RECORDS PROVIDED START

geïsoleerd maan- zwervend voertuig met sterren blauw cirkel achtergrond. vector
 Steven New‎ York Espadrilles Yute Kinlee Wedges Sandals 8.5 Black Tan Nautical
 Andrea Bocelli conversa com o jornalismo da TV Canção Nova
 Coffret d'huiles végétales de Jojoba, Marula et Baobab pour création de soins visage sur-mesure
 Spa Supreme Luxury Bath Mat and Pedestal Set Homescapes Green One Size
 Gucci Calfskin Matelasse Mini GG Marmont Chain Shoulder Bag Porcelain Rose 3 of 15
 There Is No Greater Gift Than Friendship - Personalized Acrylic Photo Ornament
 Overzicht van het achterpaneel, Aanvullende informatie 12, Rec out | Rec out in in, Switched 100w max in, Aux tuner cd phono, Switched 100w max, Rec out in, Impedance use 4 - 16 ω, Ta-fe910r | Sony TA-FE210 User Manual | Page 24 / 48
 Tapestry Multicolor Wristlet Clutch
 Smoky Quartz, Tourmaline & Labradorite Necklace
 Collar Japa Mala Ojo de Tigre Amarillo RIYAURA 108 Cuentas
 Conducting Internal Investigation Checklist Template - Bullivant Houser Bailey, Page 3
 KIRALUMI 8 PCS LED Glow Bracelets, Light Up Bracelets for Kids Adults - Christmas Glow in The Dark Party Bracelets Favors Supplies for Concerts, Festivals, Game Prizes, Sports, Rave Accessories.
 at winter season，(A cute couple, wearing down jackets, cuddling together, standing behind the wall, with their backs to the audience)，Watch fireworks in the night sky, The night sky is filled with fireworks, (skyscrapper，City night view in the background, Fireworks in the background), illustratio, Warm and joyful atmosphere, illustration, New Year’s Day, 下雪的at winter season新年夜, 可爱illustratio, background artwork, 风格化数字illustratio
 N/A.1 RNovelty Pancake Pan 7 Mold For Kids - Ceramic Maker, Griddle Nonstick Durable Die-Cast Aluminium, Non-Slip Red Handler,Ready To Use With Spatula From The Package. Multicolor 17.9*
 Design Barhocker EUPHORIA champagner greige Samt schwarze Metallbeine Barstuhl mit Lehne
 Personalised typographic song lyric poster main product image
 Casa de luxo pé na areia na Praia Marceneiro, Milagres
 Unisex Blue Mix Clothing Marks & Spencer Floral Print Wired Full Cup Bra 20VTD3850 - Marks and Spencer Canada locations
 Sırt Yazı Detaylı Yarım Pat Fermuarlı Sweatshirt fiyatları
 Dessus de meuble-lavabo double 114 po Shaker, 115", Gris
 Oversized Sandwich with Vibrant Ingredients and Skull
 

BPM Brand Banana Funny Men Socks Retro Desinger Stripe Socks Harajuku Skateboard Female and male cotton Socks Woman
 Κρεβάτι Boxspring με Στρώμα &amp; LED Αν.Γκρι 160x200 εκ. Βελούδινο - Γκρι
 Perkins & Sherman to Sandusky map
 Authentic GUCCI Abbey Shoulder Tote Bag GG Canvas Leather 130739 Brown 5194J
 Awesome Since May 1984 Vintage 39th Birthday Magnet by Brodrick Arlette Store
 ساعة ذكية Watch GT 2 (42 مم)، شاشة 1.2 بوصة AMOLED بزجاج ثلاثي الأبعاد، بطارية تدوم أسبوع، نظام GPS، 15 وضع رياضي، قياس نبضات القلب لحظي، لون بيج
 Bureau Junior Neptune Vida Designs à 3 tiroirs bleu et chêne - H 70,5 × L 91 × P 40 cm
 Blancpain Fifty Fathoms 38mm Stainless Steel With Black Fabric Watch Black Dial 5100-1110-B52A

RECORDS PROVIDED END

→ TASK ITEM:
Output the data above without altering a line.

→ SOLUTION BELOW:
geïsoleerd maan- zwervend voertuig met sterren blauw cirkel achtergrond. vector
 Steven New‎ York Espadrilles Yute Kinlee Wedges Sandals 8.5 Black Tan Nautical
 Andrea Bocelli conversa com o jornalismo da TV Canção Nova
 Coffret d'huiles végétales de Jojoba, Marula et Baobab pour création de soins visage sur-mesure
 Spa Supreme Luxury Bath Mat and Pedestal Set Homescapes Green One Size
 Gucci Calfskin Matelasse Mini GG Marmont Chain Shoulder Bag Porcelain Rose 3 of 15
 There Is No Greater Gift Than Friendship - Personalized Acrylic Photo Ornament
 Overzicht van het achterpaneel, Aanvullende informatie 12, Rec out | Rec out in in, Switched 100w max in, Aux tuner cd phono, Switched 100w max, Rec out in, Impedance use 4 - 16 ω, Ta-fe910r | Sony TA-FE210 User Manual | Page 24 / 48
 Tapestry Multicolor Wristlet Clutch
 Smoky Quartz, Tourmaline & Labradorite Necklace
 Collar Japa Mala Ojo de Tigre Amarillo RIYAURA 108 Cuentas
 Conducting Internal Investigation Checklist Template - Bullivant Houser Bailey, Page 3
 KIRALUMI 8 PCS LED Glow Bracelets, Light Up Bracelets for Kids Adults - Christmas Glow in The Dark Party Bracelets Favors Supplies for Concerts, Festivals, Game Prizes, Sports, Rave Accessories.
 at winter season，(A cute couple, wearing down jackets, cuddling together, standing behind the wall, with their backs to the audience)，Watch fireworks in the night sky, The night sky is filled with fireworks, (skyscrapper，City night view in the background, Fireworks in the background), illustratio, Warm and joyful atmosphere, illustration, New Year’s Day, 下雪的at winter season新年夜, 可爱illustratio, background artwork, 风格化数字illustratio
 N/A.1 RNovelty Pancake Pan 7 Mold For Kids - Ceramic Maker, Griddle Nonstick Durable Die-Cast Aluminium, Non-Slip Red Handler,Ready To Use With Spatula From The Package. Multicolor 17.9*
 Design Barhocker EUPHORIA champagner greige Samt schwarze Metallbeine Barstuhl mit Lehne
 Personalised typographic song lyric poster main product image
 Casa de luxo pé na areia na Praia Marceneiro, Milagres
 Unisex Blue Mix Clothing Marks & Spencer Floral Print Wired Full Cup Bra 20VTD3850 - Marks and Spencer Canada locations
 Sırt Yazı Detaylı Yarım Pat Fermuarlı Sweatshirt fiyatları
 Dessus de meuble-lavabo double 114 po Shaker, 115", Gris
 Oversized Sandwich with Vibrant Ingredients and Skull
 

BPM Brand Banana Funny Men Socks Retro Desinger Stripe Socks Harajuku Skateboard Female and male cotton Socks Woman
 Κρεβάτι Boxspring με Στρώμα &amp; LED Αν.Γκρι 160x200 εκ. Βελούδινο - Γκρι
 Perkins & Sherman to Sandusky map
 Authentic GUCCI Abbey Shoulder Tote Bag GG Canvas Leather 130739 Brown 5194J
 Awesome Since May 1984 Vintage 39th Birthday Magnet by Brodrick Arlette Store
 ساعة ذكية Watch GT 2 (42 مم)، شاشة 1.2 بوصة AMOLED بزجاج ثلاثي الأبعاد، بطارية تدوم أسبوع، نظام GPS، 15 وضع رياضي، قياس نبضات القلب لحظي، لون بيج
 Bureau Junior Neptune Vida Designs à 3 tiroirs bleu et chêne - H 70,5 × L 91 × P 40 cm
 Blancpain Fifty Fathoms 38mm Stainless Steel With Black Fabric Watch Black Dial 5100-1110-B52A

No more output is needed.